Six Updates From Today’s April Metro Board Meeting

Today’s monthly Metro board of directors meeting was one of the less eventful ones; it was sort of a lull in the news swirling around Metro’s planned November sales tax ballot measure. Nonetheless, there were a number of items that SBLA readers might find interesting.

Metro Wi-Fi Phase 1 Operational

SBLA has been noticing recent social media mentions of Metro subway riders receiving texts while on board. Metro CEO made it official today, announcing that, from Union Station to 7th Street Station, wireless service is operational for Verizon customers. According to Metro “Sprint and T-Mobile have signed-up to provide service which will be available in two to three months. Negotiations are ongoing with AT&T.” More details at The Source.
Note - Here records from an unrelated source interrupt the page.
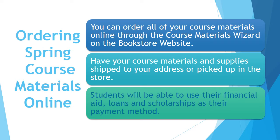Besides debit or credit card, you can use your financial aid, loans, or scholarship as your payment method.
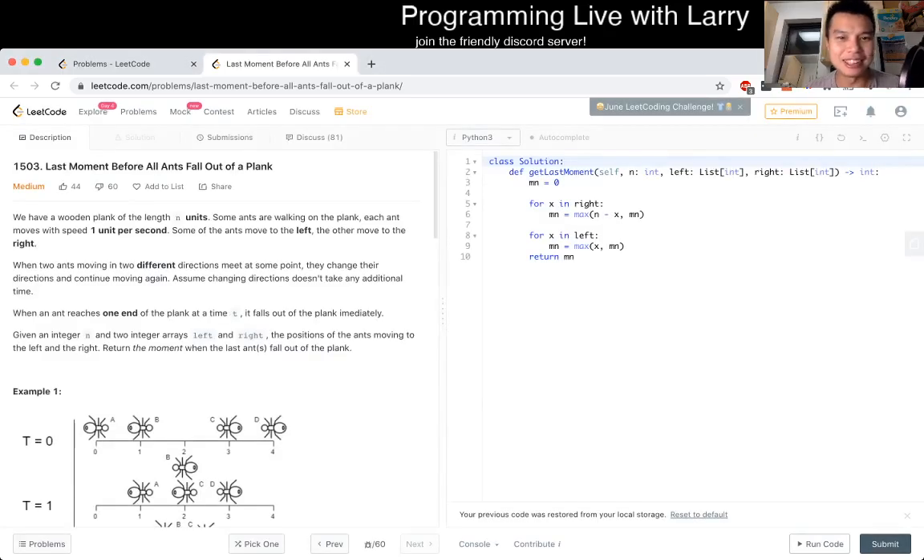Hey everybody, this is Larry. This is Q2 of the recent contest — last moments before all ends for ants on a plank. Problem descriptions are really pretty straightforward.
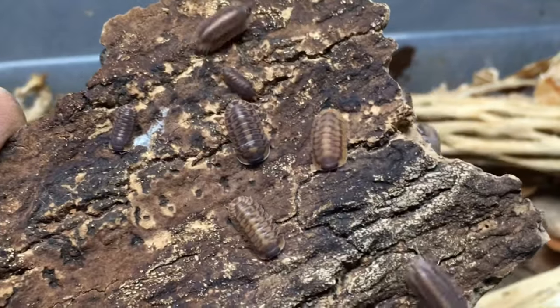Run away! Hi, Russ of Aquarium Max Pets here, and today's video is a species profile of an isopod that flees at the slightest provocation.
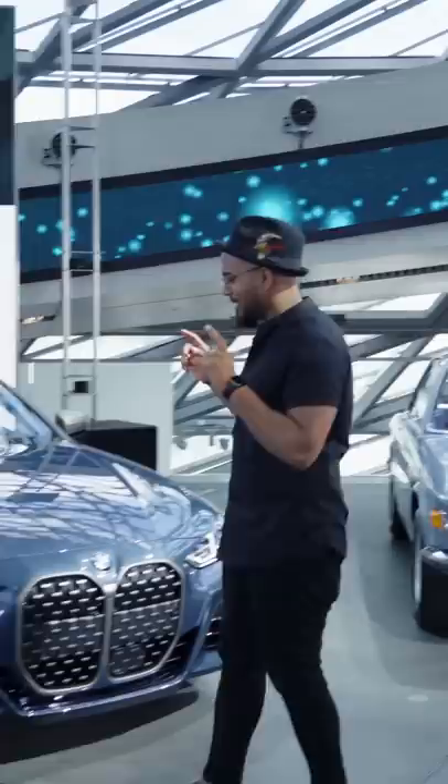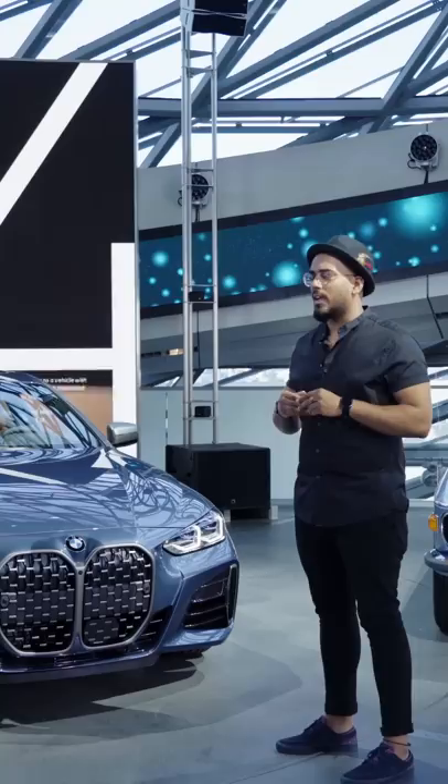What about the M3 and the M4 — are they going to look like this or very different? I can't say too much, but they're even more expressive. They look stunning — really stunning. They are so strong and I think they're bringing M to the next level. These cars are unbelievable.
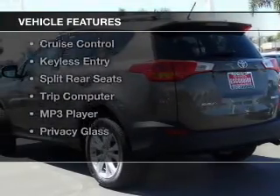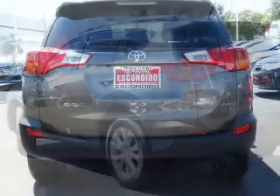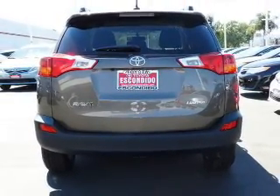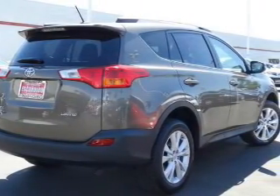The features include Bluetooth connectivity, digital audio input, tilt- and telescopic steering wheel, a spoiler, cruise control, keyless entry, split rear seats, a trip computer, an MP3 player, and privacy glass.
Bike-Share Exempt From Further Environmental Studies

The board approved environmental clearance for Metro bike-share, coming to downtown L.A. this summer. The project was certified to be categorically exempt, meaning that expensive, time-consuming environmental impact studies are not needed.

June Bus Service Re-Organization 

Metro is in the final stretch of its planned bus service reorganization, slated for implementation in June. Metro held a series of public input sessions, the outcomes of which were presented to the board. The most contentious items were three Metro bus routes transitioning to other municipal operators. Lines 190 and 194 [PDF] (El Monte Station to Cal Poly Pomona) would be operated by Foothill Transit. Line 270 [PDF] (Monrovia to Norwalk Station) would be split between Foothill and Norwalk Transit. Metro’s public input and service council had recommended against shifting the service to Norwalk Transit. Bus drivers union representatives oppose any outsourcing of Metro bus service to municipal operators. Numerous representatives from Foothill Transit leadership and staff spoke in favor of the hand-off.

County Supervisor Don Knabe put forward a motion to support the proposed transitions to both Norwalk and Foothill. The motion passed.

Foothill Transit has electric buses - under Garcetti's motion, Metro may soon join them
Foothill Transit has electric buses – under a Garcetti motion, Metro may soon join them. Image via Foothill Transit.

Bus Procurement, Zero-Emission Bus Study

The board approved a procurement process for 850 new replacement buses from 2018-2022. The buses would either be Metro’s current CNG (Compressed Natural Gas) standard or Zero Emission (presumably electric.) Mayor Eric Garcetti offered a supplementary motion, approved unanimously, to have Metro study how it can transition to a fully Zero Emission bus fleet.

New TAP Vending Machines

Metro approved a $5.1 million contract to purchase 54 new TAP card vending machines (TVMs). These will replace and augment existing TVMs at stations, including expanding Silver Line TVMs to support the agency’s all-door boarding pilot. Inglewood Mayor James Butts offered a supplementary motion, approved unanimously, to have Metro study how to add TVMs at key locations for municipal bus operators. Representatives from Santa Monica’s Big Blue Bus requested TVMs at the LAX Transit Center and at Pico-Rimpau.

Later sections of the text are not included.